→ **Task details**: Once the line holding "0232 - HÀNG" appears, repeat it and each line after it to the end of the data, exactly and with nothing else; pictures stay out.
--- Exercise input Enclosed Below ---
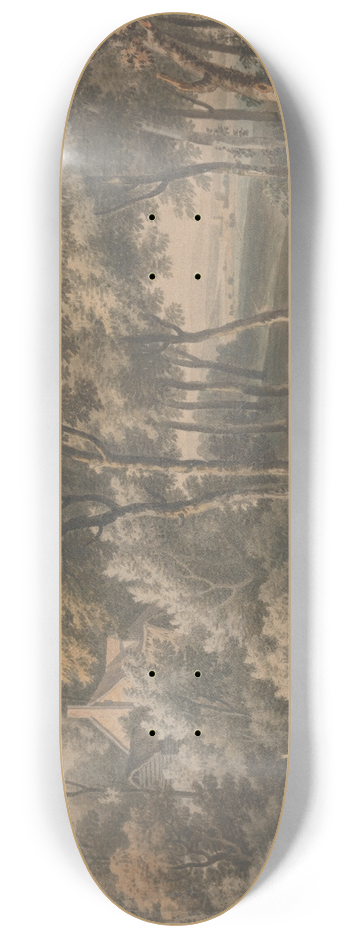 George Lambert - A Woody Landscape 8.25 inch art skate deck
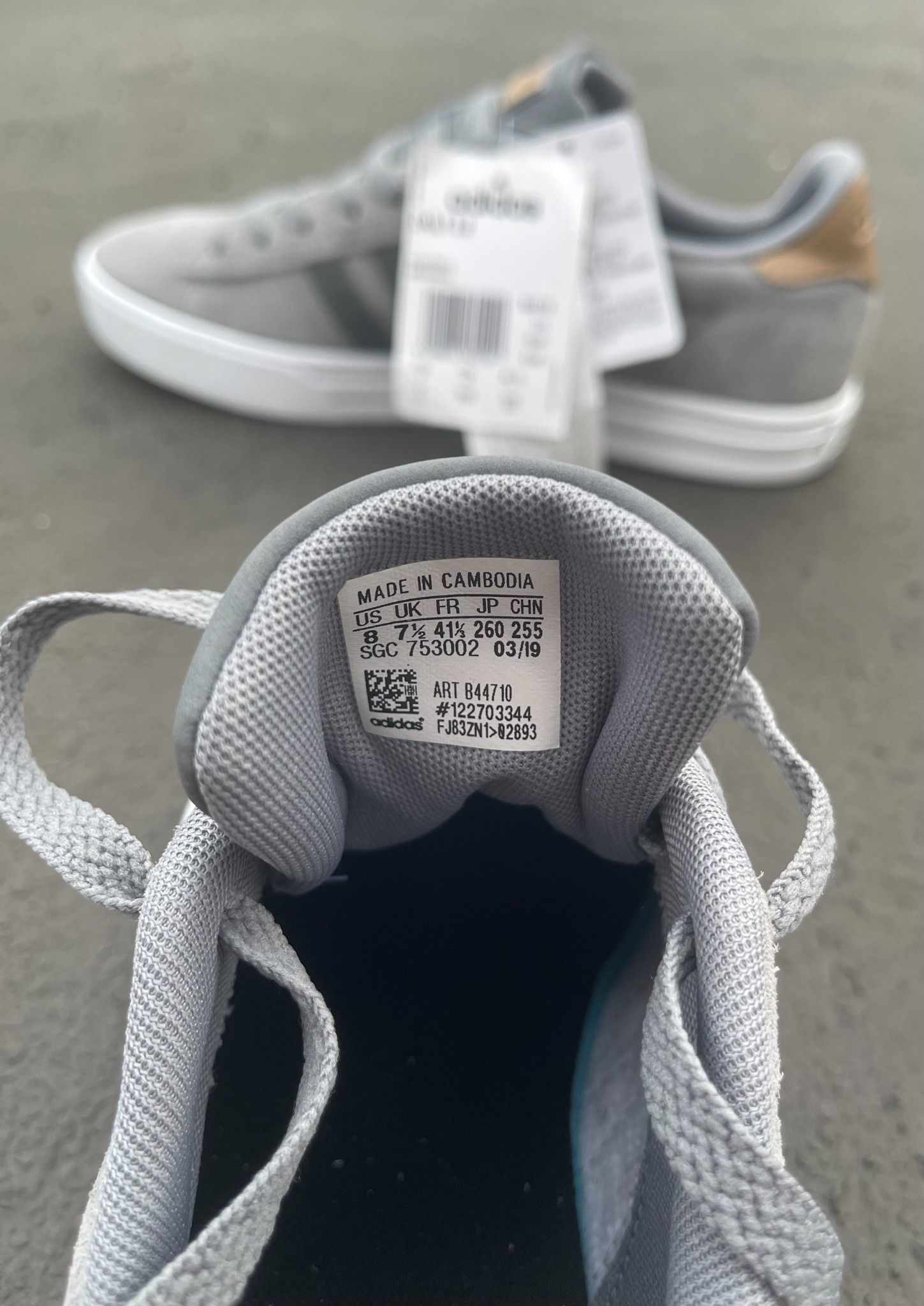 0232 - HÀNG CHÍNH HÃNG - GIÀY ADIDASA DAILY 2.0 - XÁM - *GREY* - 2022** - Code: B44710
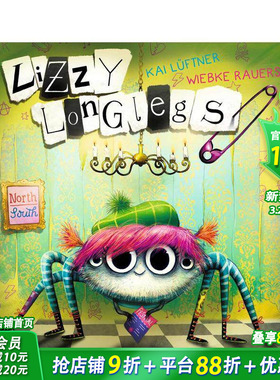 【现货】长腿丽兹 Lizzy Longlegs 英文儿童插画艺术启蒙绘本 进口童书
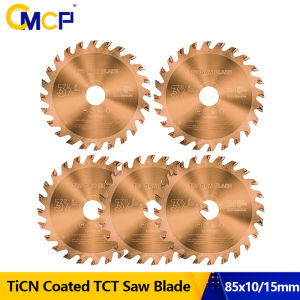 1pc 85x10/15mm Circular Saw Blade 24T/30T/36T Cutting Disc For Wood TiCN Coated TCT Saw Blade Woodworking Wheel Discs Saw Disc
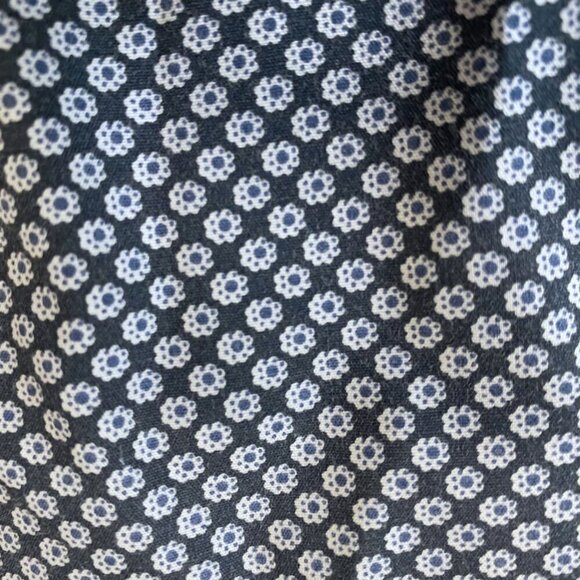 Modango Milano Navy Diamond-Print Short Sleeve Shirt | XL (Size 7) - Picture 3 of 7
--- End of Enclosed Exercise input ---
→ **Output for this task**:
 0232 - HÀNG CHÍNH HÃNG - GIÀY ADIDASA DAILY 2.0 - XÁM - *GREY* - 2022** - Code: B44710
 【现货】长腿丽兹 Lizzy Longlegs 英文儿童插画艺术启蒙绘本 进口童书
 1pc 85x10/15mm Circular Saw Blade 24T/30T/36T Cutting Disc For Wood TiCN Coated TCT Saw Blade Woodworking Wheel Discs Saw Disc
 Modango Milano Navy Diamond-Print Short Sleeve Shirt | XL (Size 7) - Picture 3 of 7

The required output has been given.